Assistant Bob Staak took over head coaching duties for the last game of the road trip; the team lost to the Denver Nuggets by two. Bernie Bickerstaff was brought in to coach over the all-star break. At the time Bickerstaff was the GM of the Nuggets, but that wasn’t expected to last long so he jumped at the opportunity. If you know your franchise history, you’ll know Bickerstaff was an assistant to Dick Motta on the ’77-78 Bullets championship team. So, knowing the nepotistical history/environment of Abe Pollin’s franchise, some called it a “buddy hire.” Elvin Hayes, who played on that title team with Unseld, called the hire a “great mistake.“
Within an hour of his first practice, Bickerstaff called the Bullets out of shape and ran the hell out of them. He also promised his players that he would get his ear pierced if they finished the season over .500. Chris Webber was, however, a tad weary of his new coach. Bickerstaff didn’t exactly get along with his buddy Jalen Rose in Denver.
The Bullets just went 3-6 under Bickerstaff over the remainder of February, but things picked up after that. The team went 11-4 in March and 8-3 in April, winning their last four games of the season, including the very last game in Cleveland, knocking the Cavaliers out of the eight seed in the East and taking the spot themselves.
Overall, Bickerstaff went 22-13 to end the ’96-97 season. Part of his strategy was to relieve Chris Webber from some of the ball-handing duties — remember, these were still the days of “Point Chris” when Webber thought he was a point guard — and put the rock, especially in transition, more into the hands of the actual point guard, Rod Strickland. Part of the issue with Lynam was that he let Webber, who was not known as the most coachable guy in the world at the time, and Juwan Howard have too much free reign in the offense.
Let’s take a quick look at some numbers. Strickland averaged 8.4 assists per game under Lynam. Post-Lynam, his assists jumped to 9.5 per game.
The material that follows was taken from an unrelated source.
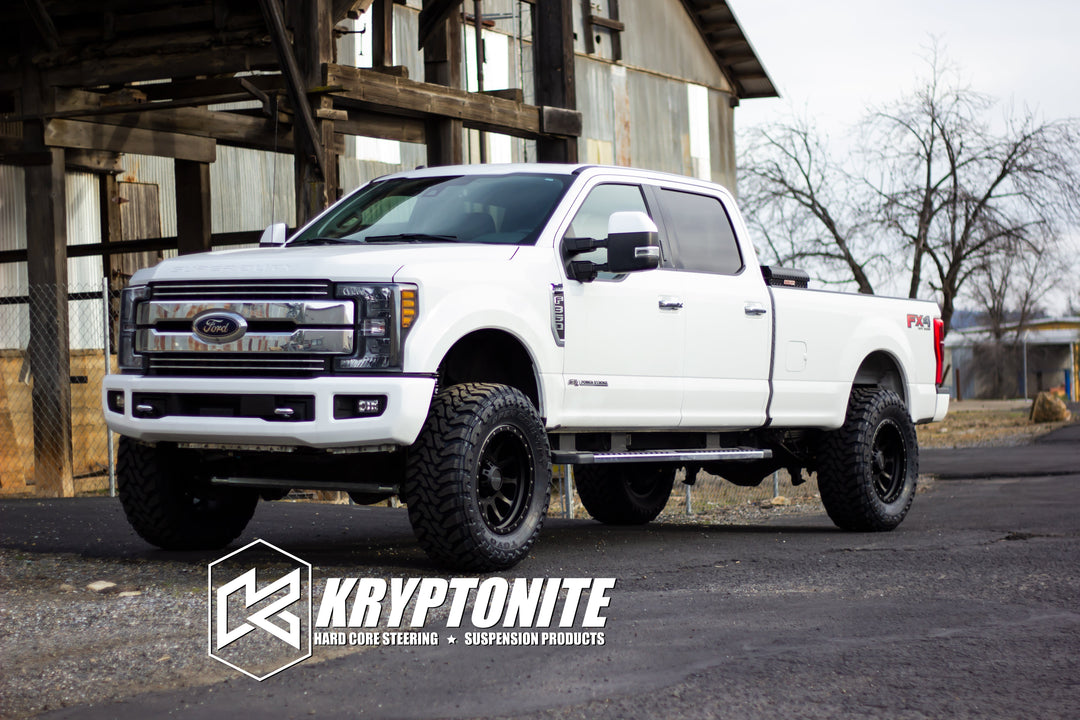 Kryptonite Stage 1 Leveling Kit with Fox Shocks for 2017-2026 Ford Super Duty F-250/F-350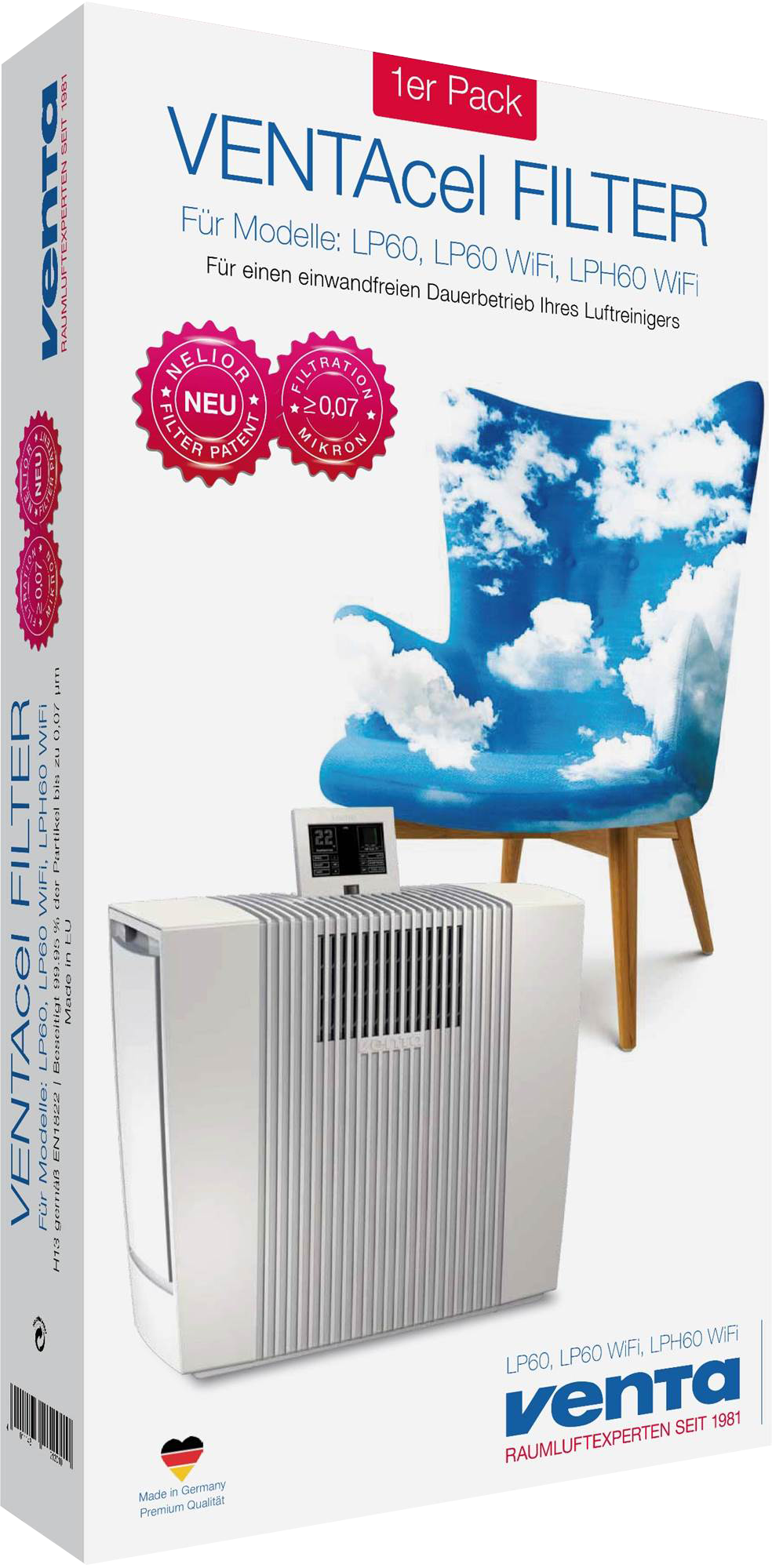 Venta 2120100 - Luchtreiniger Accessoire - 99,95% Efficiency - LP60, LP60 WiFi Compatibel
Obviously his Usage% went up from 23.6% to 24.5%, but his turnovers only increased slightly from 3.2 per game to 3.4. Overall, Strickland became responsible for more assists while on the floor. His Assist% jumped from 37% to 39.5%, but team assists didn’t increase that much, just going from 23.41 to 23.44. However, team turnovers went down from 15.7 per game to 14.9.
No, these numbers didn’t drastically change, but you can’t argue with the results. Under Bickerstaff, the Bullets’ win-percentage was .629. Before Bernie, it was .468. The following season under Bickerstaff, Strickland was named 2nd Team All-NBA. Unfortunately, the team, in their first season being called the Wizards, was riddled with injuries, as has become the norm, and finished just 42-40, a single game out of the playoffs behind both the 8th-seeded New Jersey Nets and the 7th-seeded New York Knicks.
I can’t remember if Bickerstaff ever got that earring he promised after his team made the ’96-97 playoffs. With the recent firing of Vinny Del Negro, he likely won’t be an assistant with the Chicago Bulls next year, so who knows when I’ll get a chance to ask him. But hey, if he never did, maybe those who believe the Washington basketball franchise is cursed can point to that as a reason.
#2 Which Wizards General Manager has the best winning percentage during his tenure? Ernie Grunfeld
…. But barely over Wes Unseld. After going 26-56 this season, Grunfeld’s mark as GM stands at 241-333, a .420 winning percentage. Unseld is 226-316 all-time as GM (.417) and Josh Nash is 192-382 (.334).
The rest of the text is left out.